====== Given records
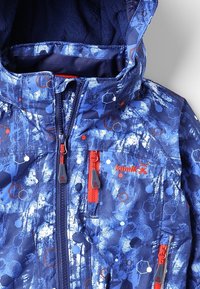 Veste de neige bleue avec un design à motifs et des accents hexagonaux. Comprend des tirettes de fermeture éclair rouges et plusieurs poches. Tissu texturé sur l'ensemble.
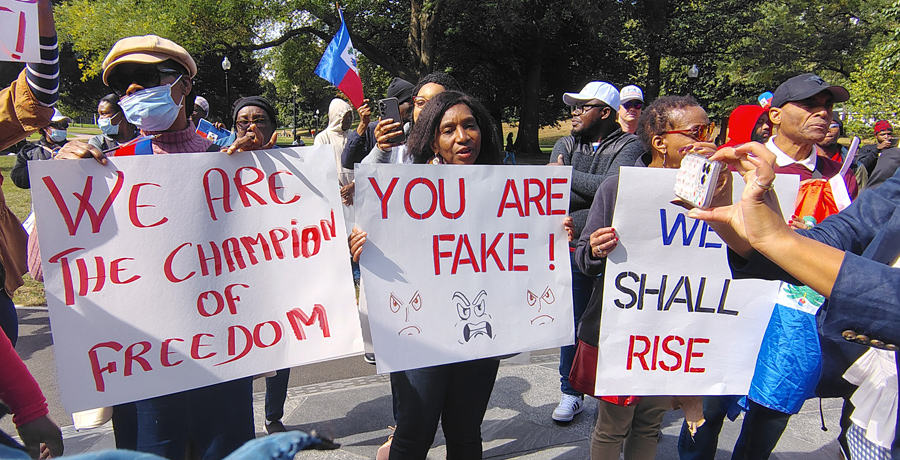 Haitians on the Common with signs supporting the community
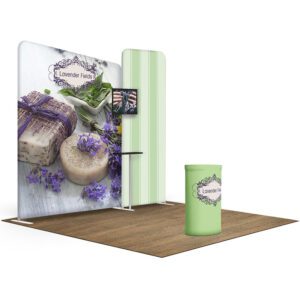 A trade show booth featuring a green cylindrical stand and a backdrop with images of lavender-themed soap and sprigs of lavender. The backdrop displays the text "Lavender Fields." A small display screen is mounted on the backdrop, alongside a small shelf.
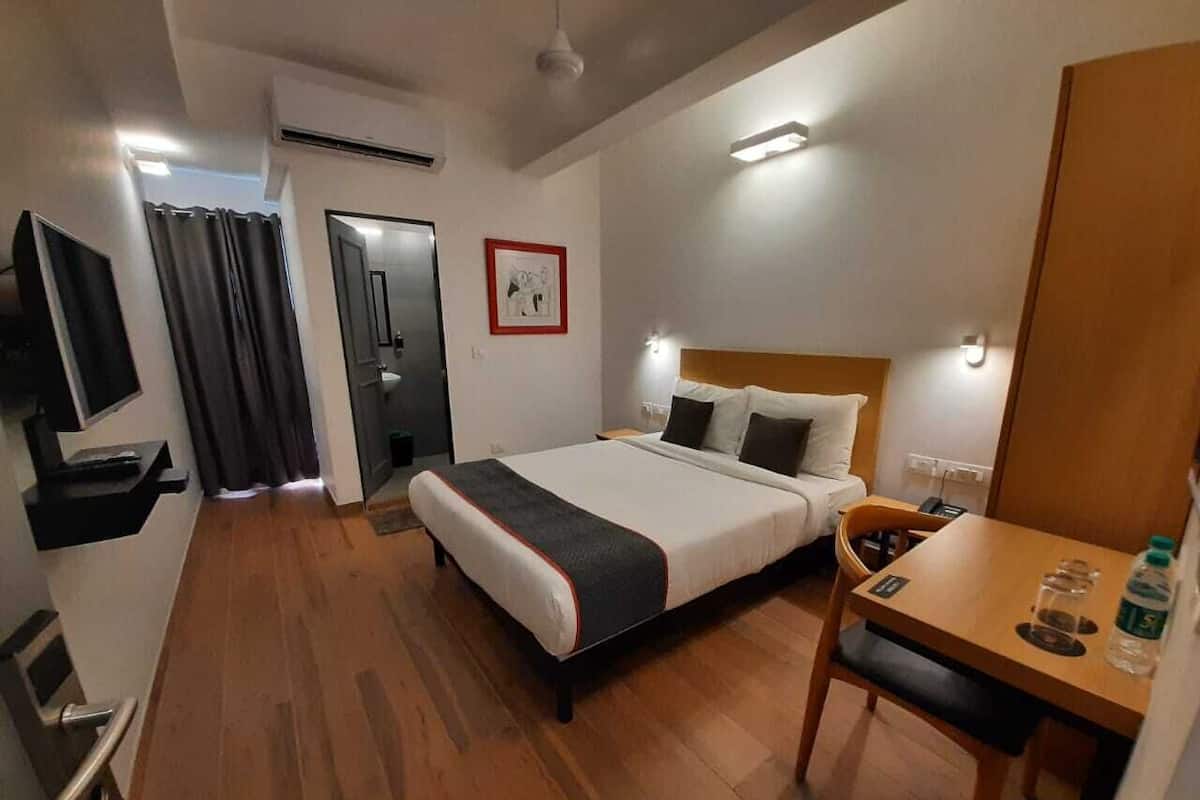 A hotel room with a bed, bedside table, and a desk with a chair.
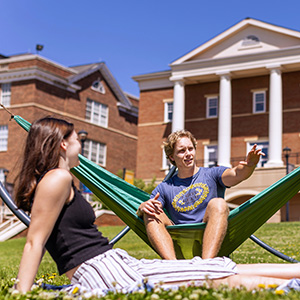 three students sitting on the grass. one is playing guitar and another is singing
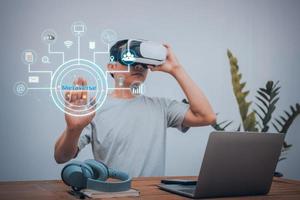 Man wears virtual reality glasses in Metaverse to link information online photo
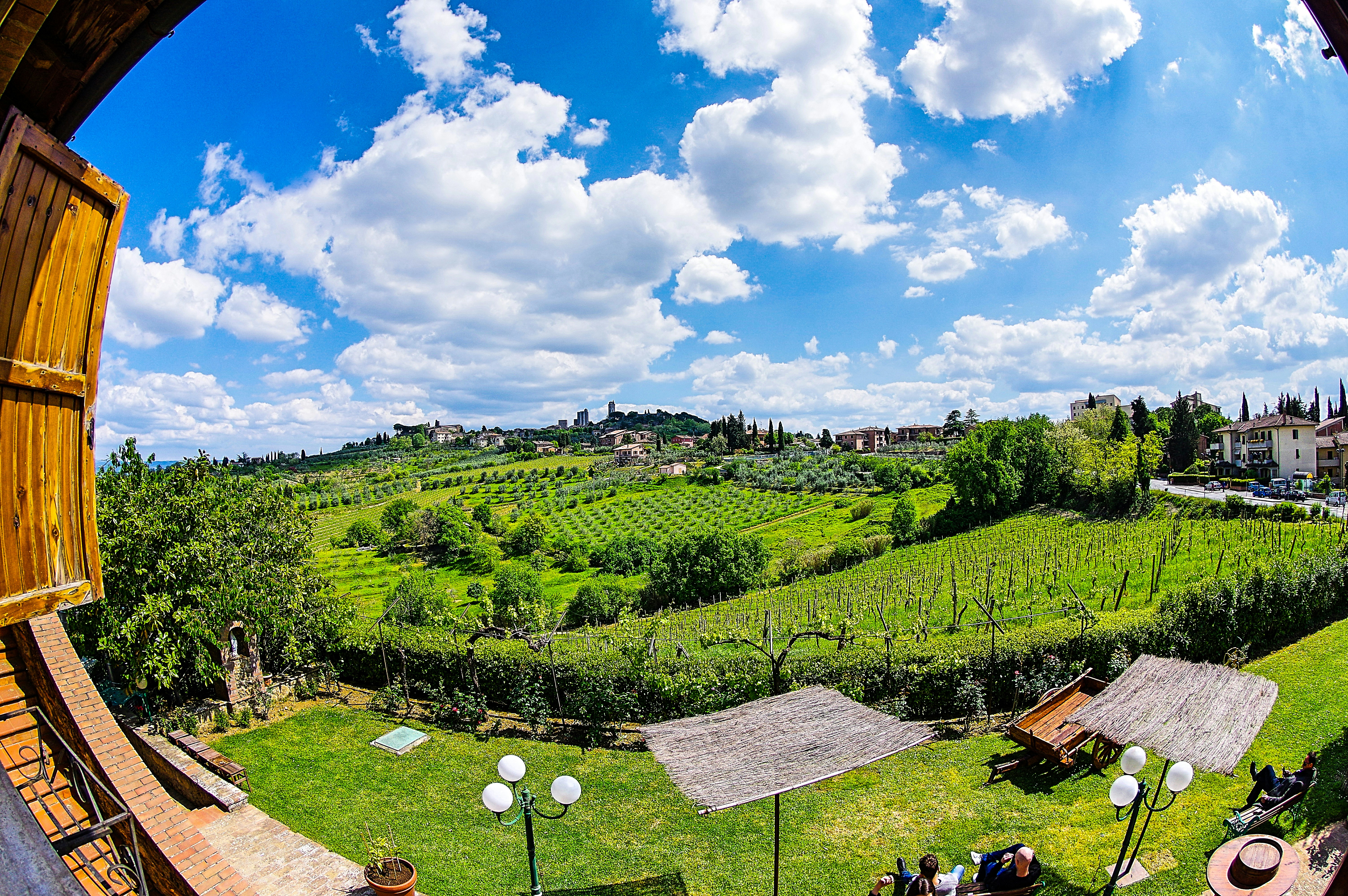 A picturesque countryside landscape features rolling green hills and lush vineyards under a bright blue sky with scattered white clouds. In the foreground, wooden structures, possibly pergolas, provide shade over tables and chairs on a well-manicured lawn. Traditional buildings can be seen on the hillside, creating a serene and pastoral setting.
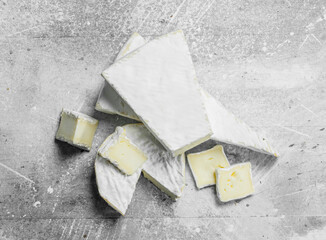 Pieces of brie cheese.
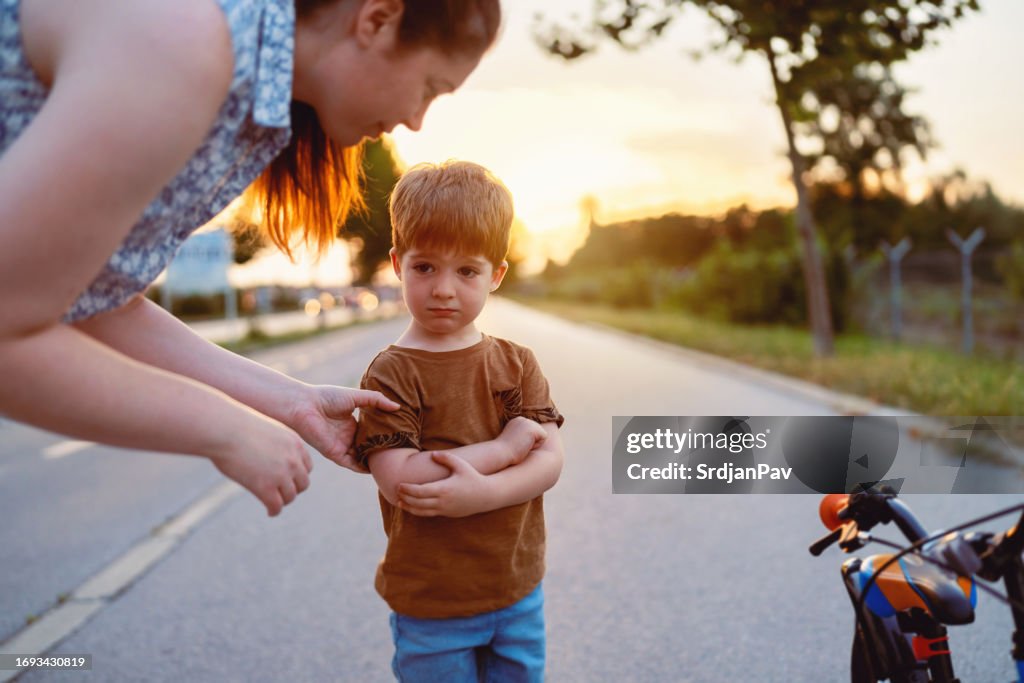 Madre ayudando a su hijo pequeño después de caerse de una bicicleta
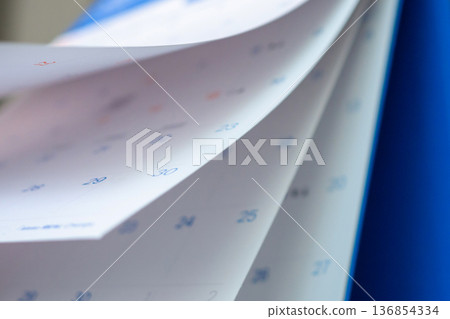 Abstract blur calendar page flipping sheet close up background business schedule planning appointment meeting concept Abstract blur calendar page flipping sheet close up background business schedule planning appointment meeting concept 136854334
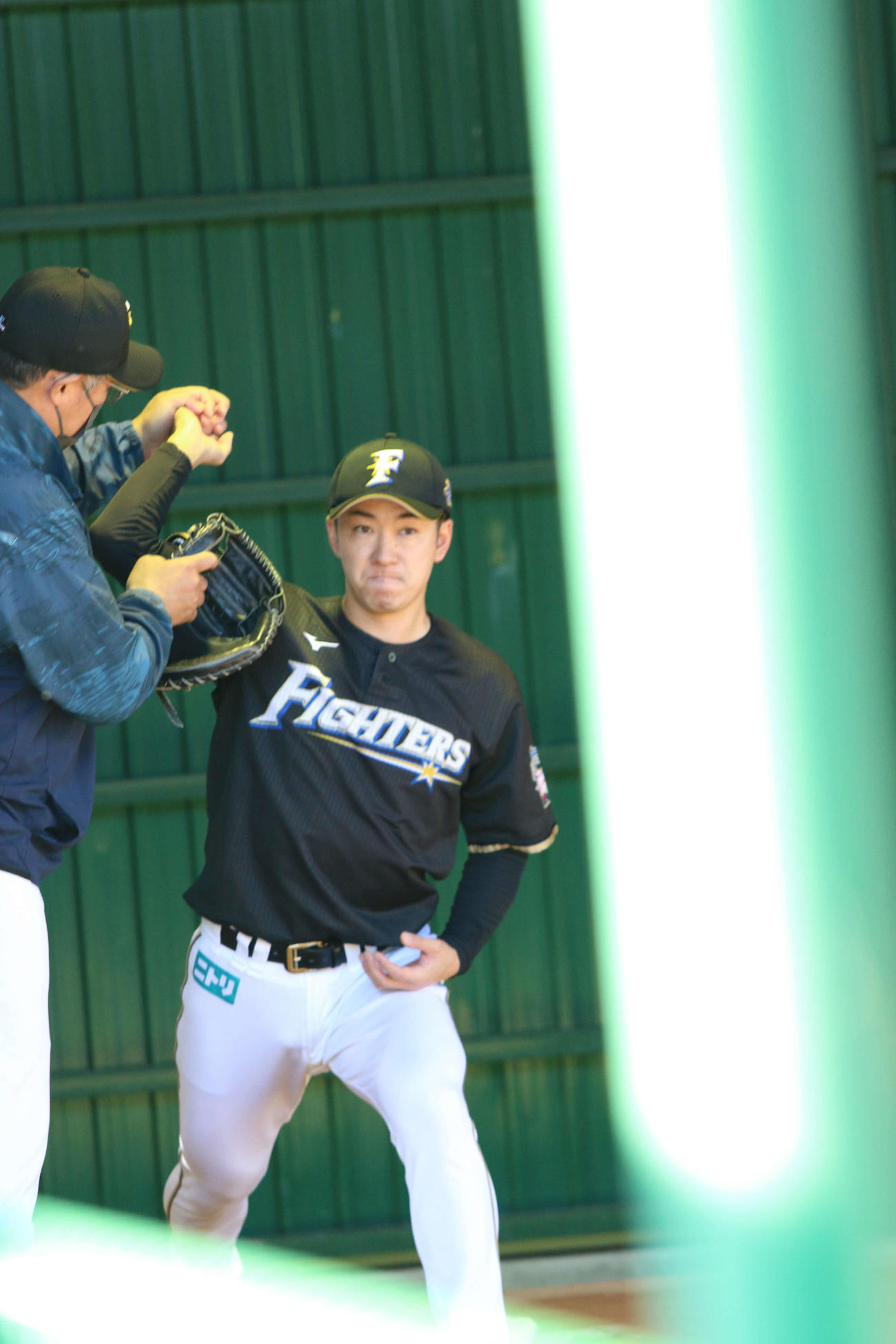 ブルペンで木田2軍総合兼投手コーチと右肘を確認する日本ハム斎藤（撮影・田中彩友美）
============
### Task to complete
A clean copy is needed of the lines above from the one with "three students sitting" up to and including the one with "Man wears virtual". Please set it down exactly, with no pictures.

### Reply to the exercise
 three students sitting on the grass. one is playing guitar and another is singing
 Man wears virtual reality glasses in Metaverse to link information online photo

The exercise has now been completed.